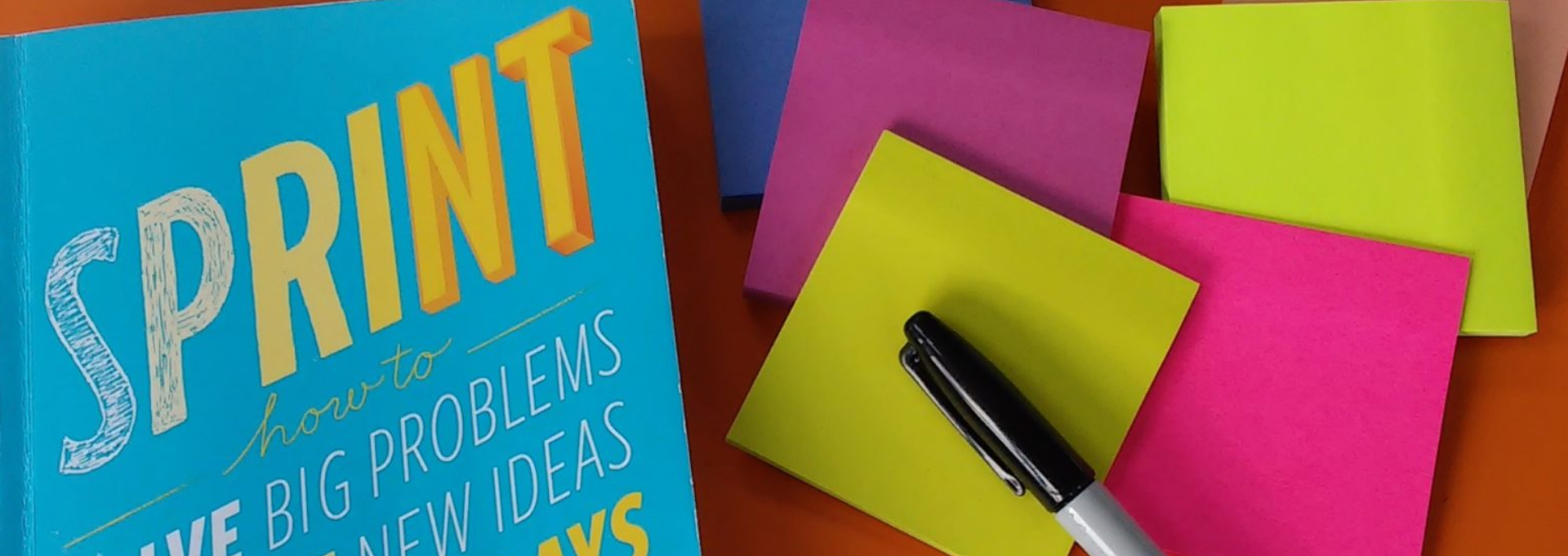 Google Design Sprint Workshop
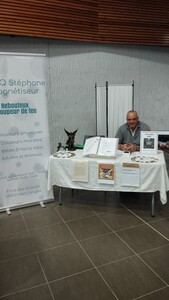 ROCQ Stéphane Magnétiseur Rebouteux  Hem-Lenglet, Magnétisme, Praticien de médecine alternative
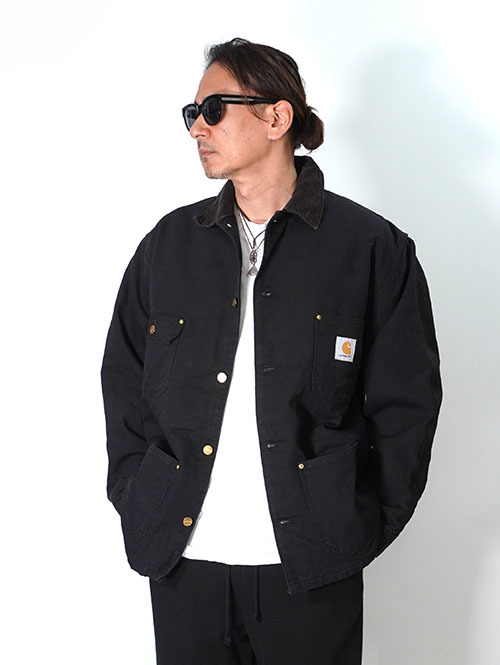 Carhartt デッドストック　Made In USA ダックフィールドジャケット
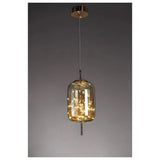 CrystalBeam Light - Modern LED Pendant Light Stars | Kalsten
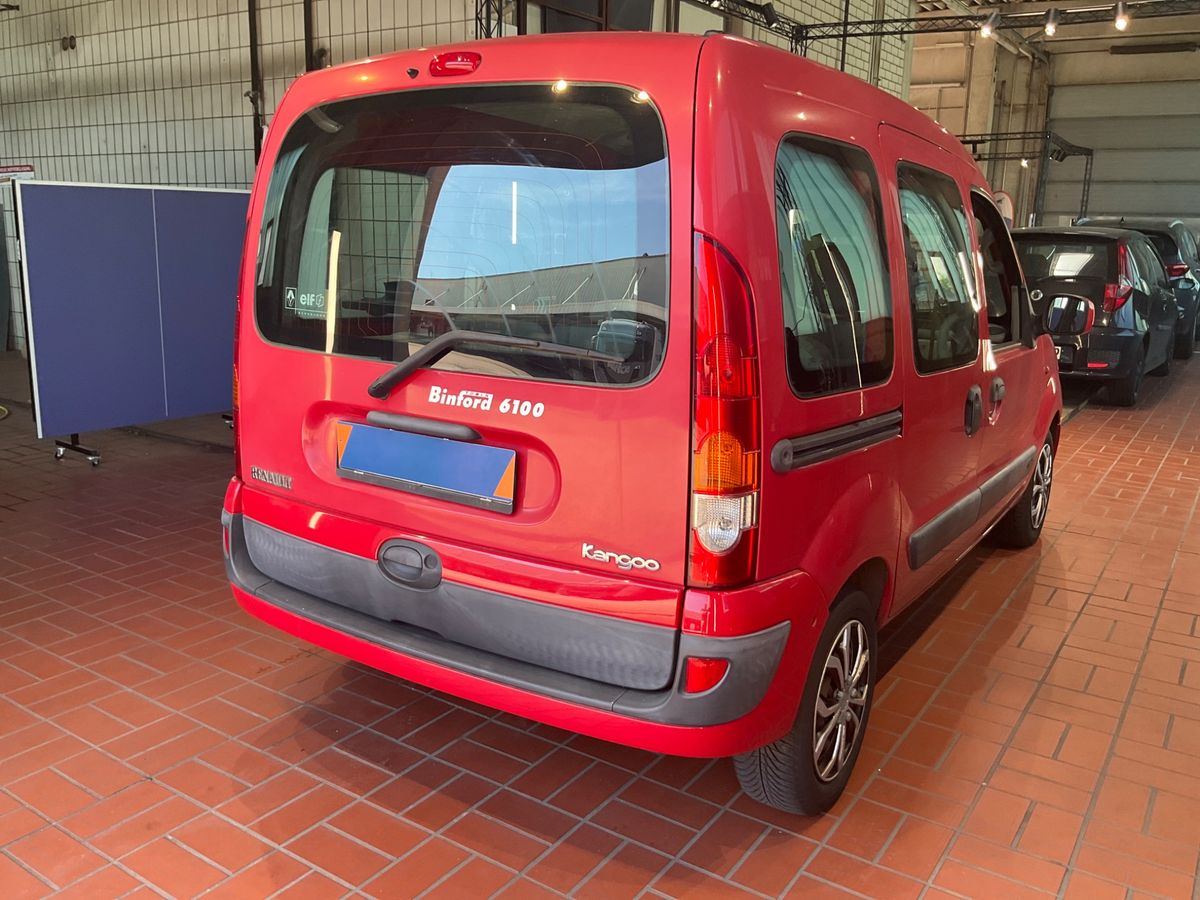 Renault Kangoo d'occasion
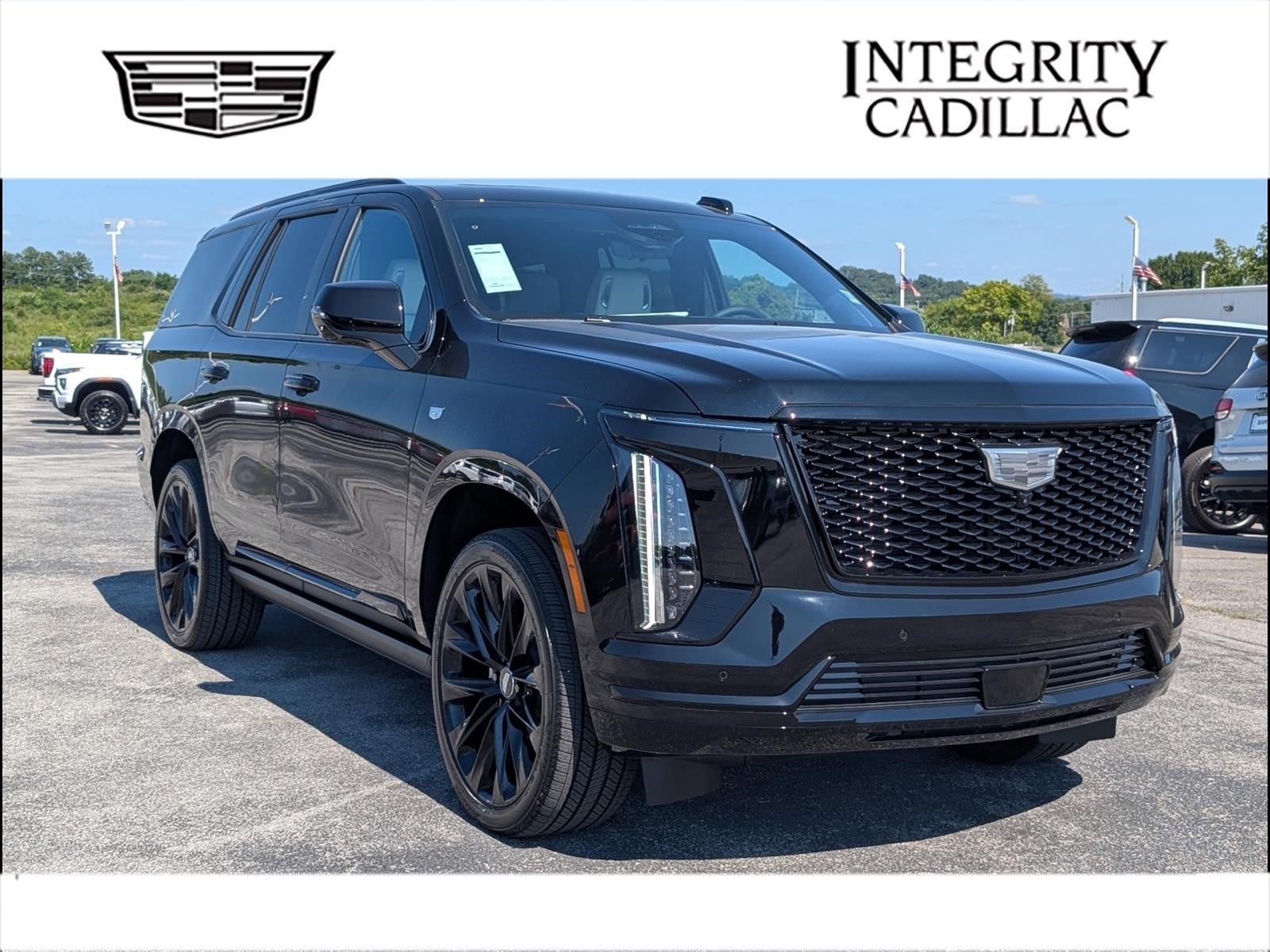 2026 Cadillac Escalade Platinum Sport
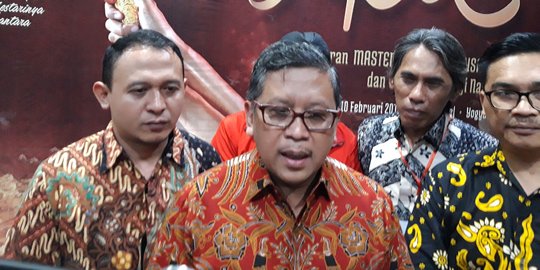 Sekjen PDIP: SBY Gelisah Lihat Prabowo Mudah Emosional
══════════
> PROBLEM DESCRIPTION
Pictures do not go in the copy. Write out exactly the lines from the line containing "Carhartt デッドストック　Made In USA ダックフィールドジャケット" through the last line of the listing.

> SOLUTION FOR THIS EXERCISE
 Carhartt デッドストック　Made In USA ダックフィールドジャケット
 CrystalBeam Light - Modern LED Pendant Light Stars | Kalsten
 Renault Kangoo d'occasion
 2026 Cadillac Escalade Platinum Sport
 Sekjen PDIP: SBY Gelisah Lihat Prabowo Mudah Emosional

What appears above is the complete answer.